Chairman ETWG G20, Yudo Dwinanda Priaadi, menjelaskan negara G20 mengajukan berbagai usulan, salah satunya adalah bagaimana kerja sama percepatan transisi energi bisa lebih mudah dan konkret.
"Salah satu usulan yang disampaikan dan mendapatkan sambutan positif yakni skema justice energy trantition partnership atau kemitraan transisi energi yang adil," ujar Yudo usai sidang ETWG di Labuan Bajo, Kamis (23/6/2022).
Dengan skema tersebut maka kebijakan transisi energi yang ditempuh suatu negara akan dibackup atau ditopang oleh negara-negara maju yang juga menjadi anggota G20. Tujuannya adalah negara-negara berkembang khususnya memiliki fondasi kuat agar target melakukan transisi energi bisa berjalan.
"Kita bicara mengenai mendorong partnership.

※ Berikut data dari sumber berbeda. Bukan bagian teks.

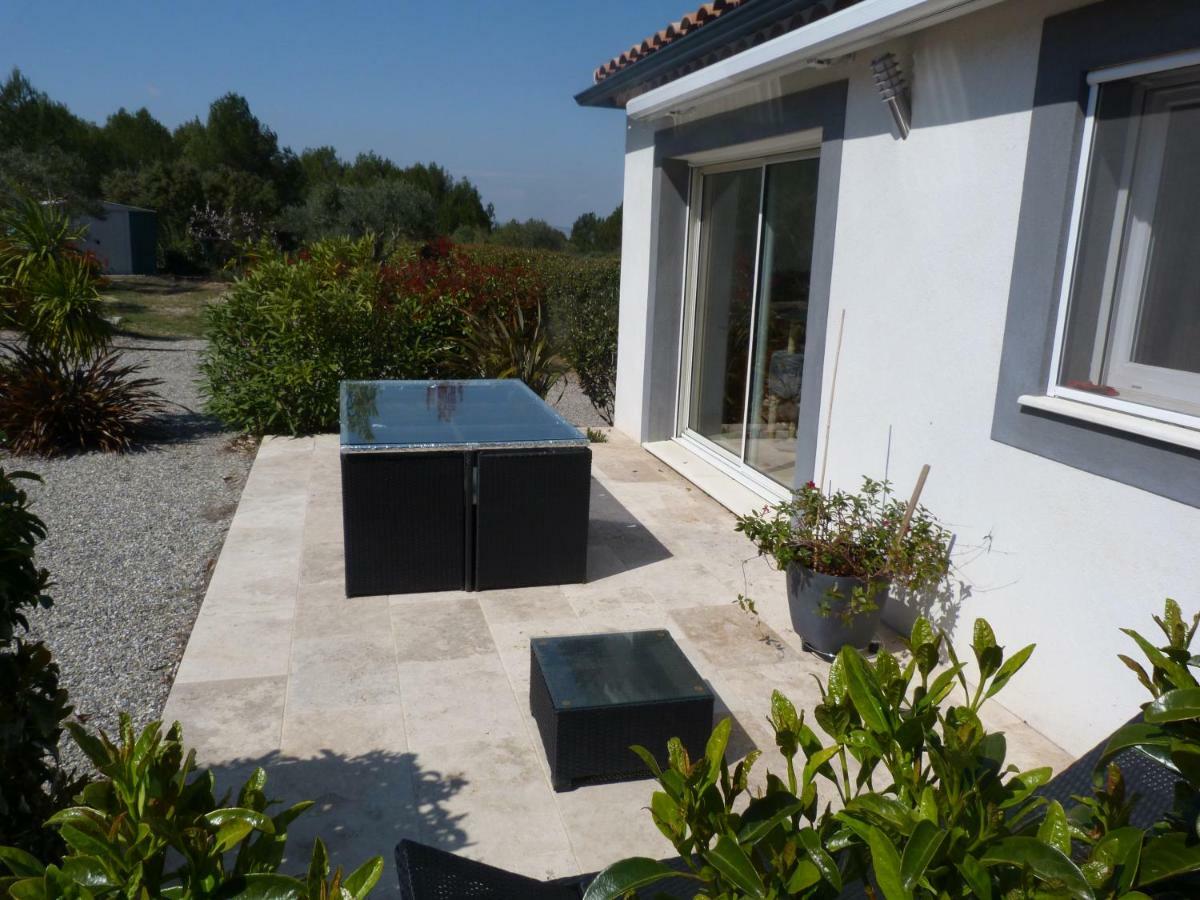 Ferienwohnung Les Cigales Alleins Exterior foto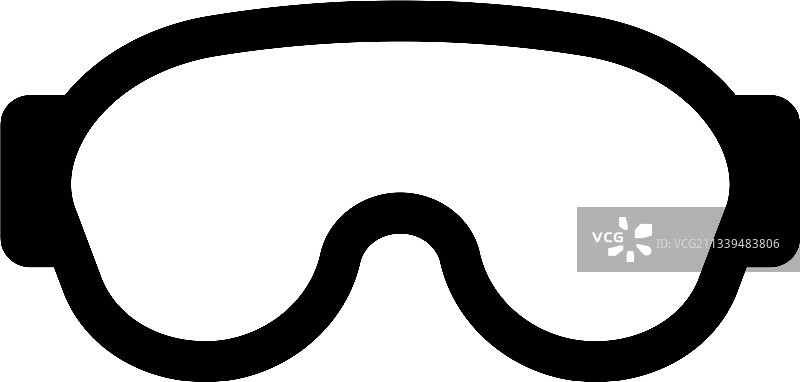 滑雪镜图片素材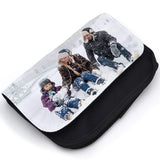 Personalised Black Fabric Photo Pencil Case Pencil Case Always Personal 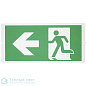 240009 SLV PICTOGRAM FOILS for P-LIGHT emergency exit light пиктограмма — фото 2
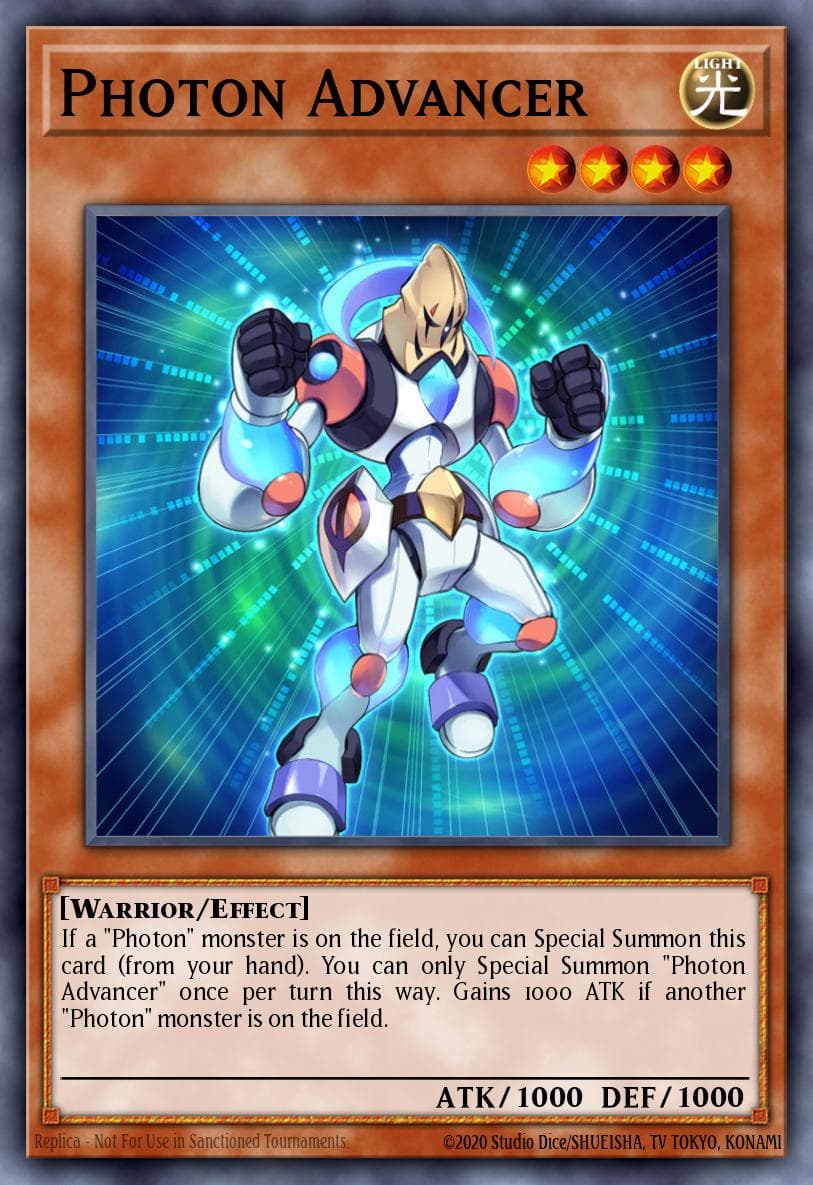 Photon Advancer 2019 Yu-Gi-Oh! Duel Power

Tipe baru kerja sama sifatnya negara punya rencana dibackup banyak mitra," kata Yudo.
Isu ketahanan energi juga menjadi salah satu pembahasan utama terlebih dengan adanya konflik Rusia-Ukraina membuat banyak negara di dunia termasuk anggota G20 khawatir sehingga perlu ada kesepakatan bersama guna memastikan ketersediaan energi. "Ketahanan energi sedang terganggu, ada juga delegasi yang menyinggung agar harga energi diatur lagi," ujar Yudo.
Menurut dia seluruh anggota G20 satu suara agar harga energi bisa terjangkau. Melonjaknya harga energi yang terjadi sekarang ini memicu seluruh negara untuk mengamankan pasokan energinya. "Concern semua pihak harus affordable, semua peduli harga sedang tinggi," ungkap Yudo.